Given that the arrowheads are quite likely not as prone to simple destruction (although the shafts still are), I would probably rule that missed arrows are recovered 75% of the time as opposed to 50%, the difference being that roughly half that are unrecoverable are simply lost. For arrows destroyed in use against a creature, provided they are recovered, I would allow them to reduce the cost to forge new arrowheads by 50%.
 

it was bound to happen eventually

frankthedm said:
Same here. By the rules the arrow is ruined if it hits and 50%/50% if it misses.

I would personally say an adamantine arrow that is 'ruined' needs a new shaft rather than a new arrowhead unless the arrow is doing over 20 damage on a hit.

I find myself in agreement with Frank... o.0
 

airwalkrr said:
Given that the arrowheads are quite likely not as prone to simple destruction (although the shafts still are), I would probably rule that missed arrows are recovered 75% of the time as opposed to 50%, the difference being that roughly half that are unrecoverable are simply lost.
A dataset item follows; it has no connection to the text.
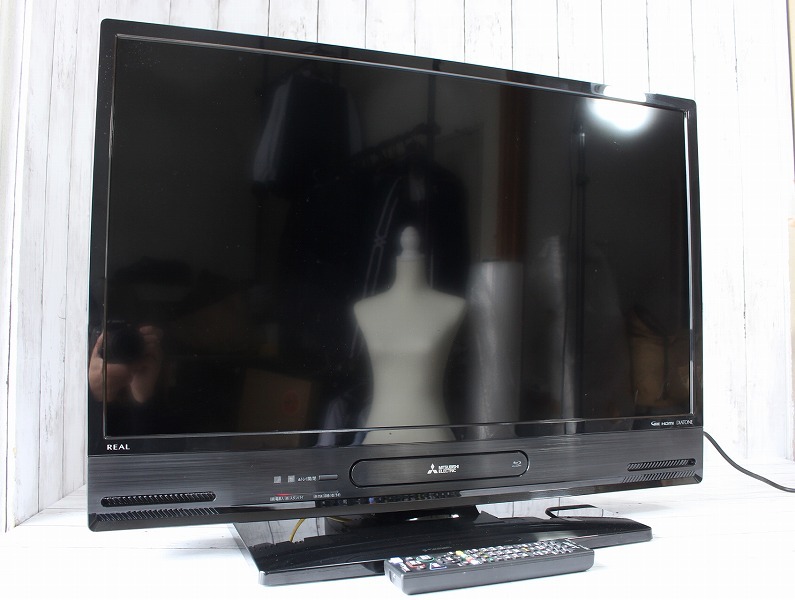 即決・美品】三菱 32V型液晶テレビ REAL リアル LCD-V32BHR11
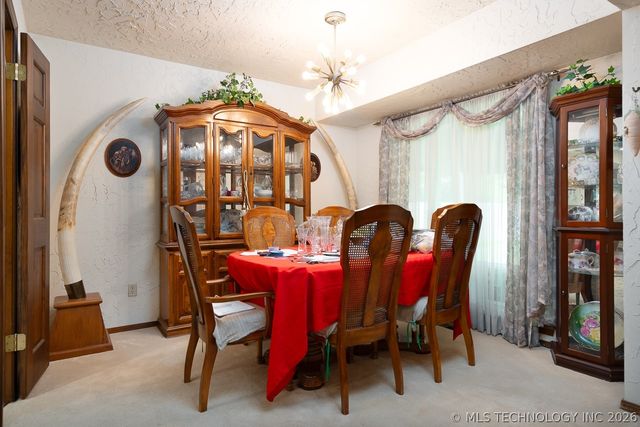 5911 E 100th Place, Tulsa, OK 74137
For arrows destroyed in use against a creature, provided they are recovered, I would allow them to reduce the cost to forge new arrowheads by 50%.

If I were spending that much per arrow then there would never be any lost. I wouldn't care if I had to swim through 5 feet of sewage.

I bet the fighter with the adamantine broadsword would say the same.
 

geosapient said:
If I were spending that much per arrow then there would never be any lost. I wouldn't care if I had to swim through 5 feet of sewage.

I bet the fighter with the adamantine broadsword would say the same.

*Archer spends 2 hours hunting for the adamantine arrow he fired out over the open plain that missed it's mark by a long shot*

Wizard: Dammit, Archer! Just take 60 gp from me and let's get on with the $%^&ing adventure!
Cleric: Yea, sheesh. It's not like we didn't just loot six THOUSAND gp from that giant tribe we slew.

Seriously though, an arrow getting "lost" could mean more than simply an inability to find it. The arrow might have accidentally fired long and wound up on some travelling merchant's cart a long distance off. It may have fallen in a field next to (or inside!) a farmer who picked it up, thinking it good luck. It might have plunged into a stream and been carried downstream and covered with silt before you get to it. I can think of a myriad more explanations for why an arrow might get lost. And let's be perfectly honest; by the time you are firing adamantine arrows, losing a handful is not going to cripple you monetarily. Five are worth one potion of cure moderate wounds and I bet you weren't crying over that loss when you really needed the hit points and the cleric was 60 feet away. Trudge around in the sewage all you like; only misers will worry about the incidental costs in a campaign where the DM is awarding appropriate (standard) treasure awards.